[Web page caption snippets]
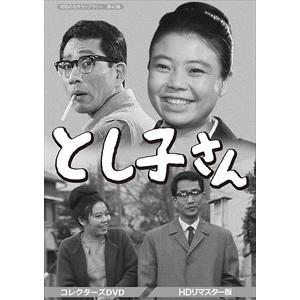 新品 とし子さん コレクターズDVD (ＨＤリマスター版) / 悠木千帆, 滝田裕介, 嘉手納清美, 北林谷栄, 丸井太郎 (DVD) BFTD296-TC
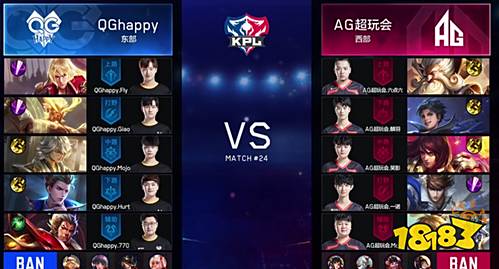 QG让一追三AG超玩会，Fly打破生日不胜魔咒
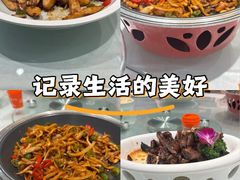 -巷子里小酒馆(繁荣路店)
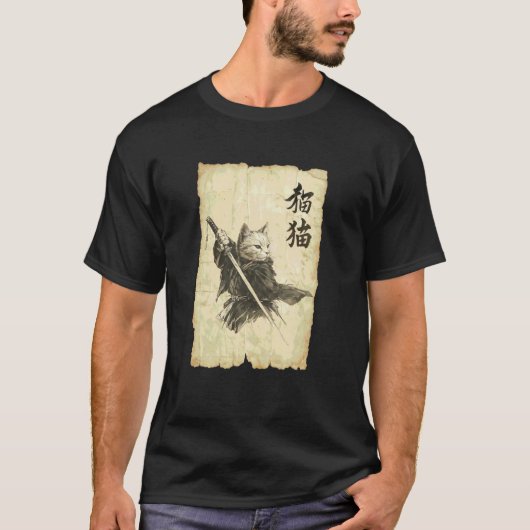 浮世絵風サムライ猫 和風ビンテージ戦士 Tシャツ (正面)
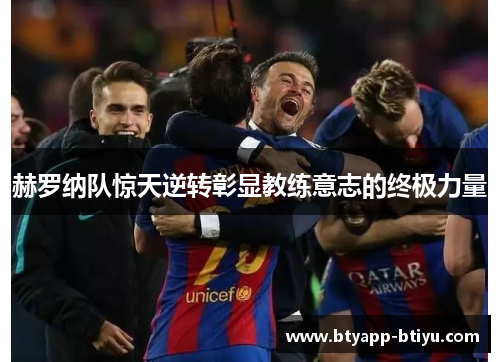 赫罗纳队惊天逆转彰显教练意志的终极力量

▶ _The task_: Only the lines from the one containing "浮世絵風サムライ猫 和風ビンテージ戦士 Tシャツ (正面)" through the final line of the data should be given again, exactly and without pictures.

▶ _Finished task_:
 浮世絵風サムライ猫 和風ビンテージ戦士 Tシャツ (正面)
 赫罗纳队惊天逆转彰显教练意志的终极力量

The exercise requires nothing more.